Hablo con una gran cantidad de personas de los más variados sectores que están firmemente en contra de la guerra. Alguien debe escribir para ellos. No puedo poner mis esperanzas en que su oposición a la guerra se refleje en las elecciones, pues los candidatos de la oposición no ofrecen al pueblo una idea clara que pudiera servir al electorado para expresar sus opiniones a favor o en contra de la guerra. Pero sí creo poder afirmar que el oeste de los Estados Unidos es aislacionista de corazón. No quiere la guerra. Algunos visitantes procedentes del este me cuentan historias escalofriantes sobre lo diferentes que son las cosas en la costa atlántica. Para mí resulta desafortunado que la costa este, en la práctica, tenga el monopolio de la crítica y del público lector. Pero yo soy un hombre del oeste y supongo que mi obra asume necesariamente esa coloración occidental.

Lo cierto es que me complace la perspectiva de leer a esos críticos que alabaron Johnny cogió su fusil por su contenido antibelicista invertir completamente su posición al leer Andrew. Pues serán ellos, y no yo, los que hayan cambiado. Y creo que, a pesar de ellos, encontraré lectores. Existe todavía mucha gente resistiendo contra la guerra en el Congreso, en las iglesias, en las universidades, en los sindicatos. Su integridad es tan incontestable como la del Comité William Allen White (1). Espero que, dentro de esta minoría, encontremos lectores suficientes para hacer de Andrew una empresa moderadamente exitosa. E incluso si no es así, me habré mantenido fiel a las creencias que considero importantes y, en consecuencia, seré un mejor novelista de su futuro elenco.    
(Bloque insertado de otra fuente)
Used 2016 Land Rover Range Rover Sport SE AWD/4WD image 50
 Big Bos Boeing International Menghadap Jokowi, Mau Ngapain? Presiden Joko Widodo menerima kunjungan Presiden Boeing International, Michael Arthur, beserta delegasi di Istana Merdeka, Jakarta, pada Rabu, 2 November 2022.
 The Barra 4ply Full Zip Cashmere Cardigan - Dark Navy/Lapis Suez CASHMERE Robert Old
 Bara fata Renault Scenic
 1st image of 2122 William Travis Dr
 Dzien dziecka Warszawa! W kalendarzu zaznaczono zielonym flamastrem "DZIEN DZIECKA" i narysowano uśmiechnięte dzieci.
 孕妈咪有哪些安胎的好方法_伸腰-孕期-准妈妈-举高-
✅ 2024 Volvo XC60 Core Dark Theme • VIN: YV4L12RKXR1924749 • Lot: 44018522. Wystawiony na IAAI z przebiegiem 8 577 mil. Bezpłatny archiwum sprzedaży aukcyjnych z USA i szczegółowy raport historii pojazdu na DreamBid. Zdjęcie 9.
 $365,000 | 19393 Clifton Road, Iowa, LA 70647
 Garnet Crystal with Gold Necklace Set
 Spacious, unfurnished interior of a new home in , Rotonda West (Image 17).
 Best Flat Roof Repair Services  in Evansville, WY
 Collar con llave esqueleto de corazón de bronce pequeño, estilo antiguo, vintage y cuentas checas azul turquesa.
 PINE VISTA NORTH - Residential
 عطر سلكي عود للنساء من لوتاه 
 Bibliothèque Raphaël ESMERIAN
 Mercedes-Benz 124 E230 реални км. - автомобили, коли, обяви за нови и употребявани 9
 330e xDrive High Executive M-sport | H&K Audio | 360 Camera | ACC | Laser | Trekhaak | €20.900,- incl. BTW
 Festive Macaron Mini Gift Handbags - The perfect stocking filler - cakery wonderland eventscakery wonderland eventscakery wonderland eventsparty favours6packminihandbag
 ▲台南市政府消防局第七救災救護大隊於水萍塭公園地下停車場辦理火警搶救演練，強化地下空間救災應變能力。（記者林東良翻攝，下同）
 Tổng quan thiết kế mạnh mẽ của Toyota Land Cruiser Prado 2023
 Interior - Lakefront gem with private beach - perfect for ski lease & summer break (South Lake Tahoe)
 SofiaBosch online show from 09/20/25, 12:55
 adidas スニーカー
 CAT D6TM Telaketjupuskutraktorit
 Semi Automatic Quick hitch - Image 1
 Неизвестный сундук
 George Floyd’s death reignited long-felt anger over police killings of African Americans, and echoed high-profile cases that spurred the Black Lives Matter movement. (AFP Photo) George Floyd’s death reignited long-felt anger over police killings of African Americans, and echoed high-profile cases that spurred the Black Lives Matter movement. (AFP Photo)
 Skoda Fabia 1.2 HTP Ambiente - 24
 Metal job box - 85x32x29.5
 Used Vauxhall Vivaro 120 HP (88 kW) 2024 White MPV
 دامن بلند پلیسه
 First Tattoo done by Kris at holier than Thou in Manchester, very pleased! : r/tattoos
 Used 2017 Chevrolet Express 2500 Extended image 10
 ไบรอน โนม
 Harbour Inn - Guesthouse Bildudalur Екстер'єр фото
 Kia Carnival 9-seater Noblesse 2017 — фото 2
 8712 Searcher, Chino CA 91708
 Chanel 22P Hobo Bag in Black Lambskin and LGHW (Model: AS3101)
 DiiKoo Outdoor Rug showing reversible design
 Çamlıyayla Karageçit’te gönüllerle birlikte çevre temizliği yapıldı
Revisando lo que acabo de escribir, contemplo la divertida posibilidad de que probablemente esté siendo de lo más pretencioso, pues un discusión tan prolongada en torno a Andrew implicaría una trabajo mucho mejor de lo que en realidad es el libro. Tal vez sea un mal trabajo sin paliativos. Dios sabe que se escribió de forma lo bastante apresurada como para que así sea. Si tal es el juicio de los críticos, me propongo aceptarlo y mantener la boca cerrada. Pues, en lo más profundo de mi corazón, me niego a aceptar la idea de que un mal libro debería ser encomiado porque dice cosas buenas o viceversa. Así que, ya ven, estoy perfectamente preparado para creer que he fracasado estrepitosamente con Andrew. En cuyo caso, mostraré mi arrepentimiento como es debido y me esforzaré por hacerlo mejor la próxima vez.

* Revista New Masses, 11 de febrero de 1941.


(1) También conocido como Comité para Defender América Ayudando a los Aliados o como Comité White. Creado en mayo de 1940, tenía como principal objetivo promover el apoyo material al esfuerzo bélico británico contra las Fuerzas del Eje y evitar, de este modo, la implicación directa de los Estados Unidos en la guerra europea.